Task inputs
-------------------------
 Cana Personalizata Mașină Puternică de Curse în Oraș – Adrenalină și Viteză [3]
-------------------------
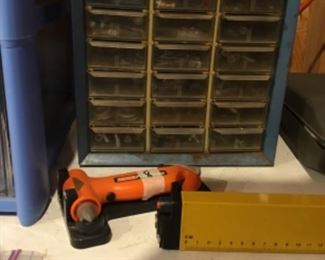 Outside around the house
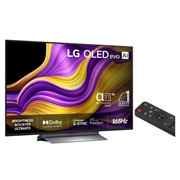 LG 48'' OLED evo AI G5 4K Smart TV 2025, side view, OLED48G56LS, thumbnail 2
-------------------------
What you need to do
With the pictures omitted, restate word for word the lines above from the line that has "Outside around the house" up to and including the line that has "LG 48'' OLED", and no other lines.

Task solution
 Outside around the house
 LG 48'' OLED evo AI G5 4K Smart TV 2025, side view, OLED48G56LS, thumbnail 2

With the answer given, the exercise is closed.